De mon point de vue, l’aspect litigieux concerne moins la lettre en elle-même que le rapport des sujets à l’écri­ture : d’un côté (à l’E.C.F.) l'on ne s’autorise pas à écrire (en son nom), ou le moins pos­sible, en fonction d’une conception collectiviste du travail intellectuel et en souvenir d’un jeu de mots célèbre de Lacan sur “publier” et “p’oublier”... ; de l’autre côté (à l’E.L.P. et autres écoles ou associations qui se sont multipliées) l'on fait paraître effectivement des travaux de recherche singuliers et souvent décisifs pour l’avancée de la théorie analy­tique.
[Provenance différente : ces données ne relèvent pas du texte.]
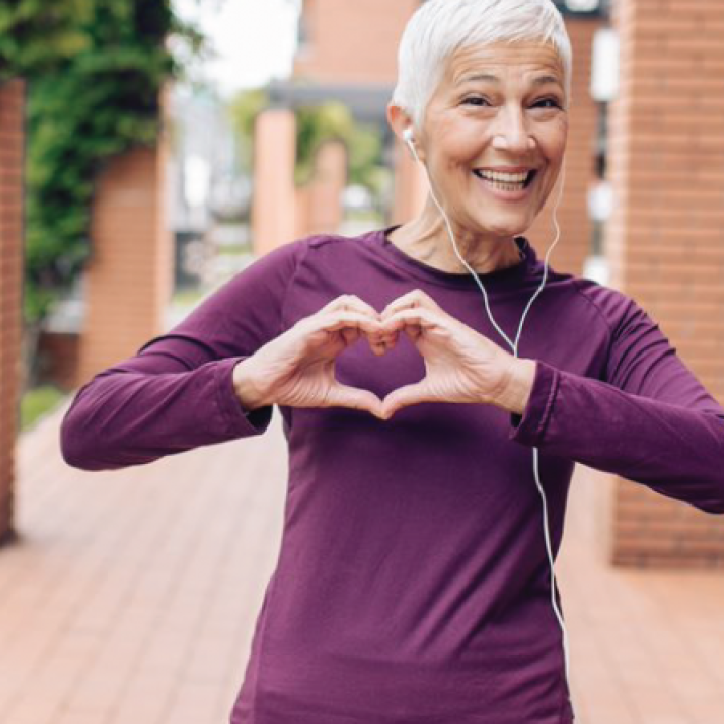 Active older woman making a heart shape with her hands and wearing a big smile.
Il est à peine paradoxal que la bataille institutionnelle pour l’avenir du lacanisme dans le monde soit en passe d’être gagnée par l’E.C.F., malgré ses limites théoriques et ses ten­sions internes : le concept d’Ecole n’est en rien trivial et le tra­vail qui s’y ef­fectue est réel ; parallèlement, les “autres” se voient plongés dans un essai­mage des forces en présence, peut-être nihiliste socialement, mais aussi plus fructueux intellectuel­le­ment. Il est clair que lorsqu’Erik Porge se demande : "Quel rassemblement des analystes peut-il avoir pour vérité leur soli­tude ?” (Essaim n°1, 1998, p. 8), il frôle au plus près mon propre ques­tionnement sur le statut du “non-analyste”... qui aurait néanmoins à s’occuper de psychanalyse. Il ne doit à cet égard y avoir aucune ambiguïté : la posture pu­rement individuale (qui ne veut pas dire solitaire) du non-ana­lyste demeure nécessairement scriptuaire (mais non scriptuale, fondée sur l’écrit comme tel, car elle ne reconnaît d’immanence qu’au réel). Le non-psychanalyste n’est pas psychanalyste et ne s’autorise à rien qui ressemble de près ou de loin à une pratique auprès de “sujets”.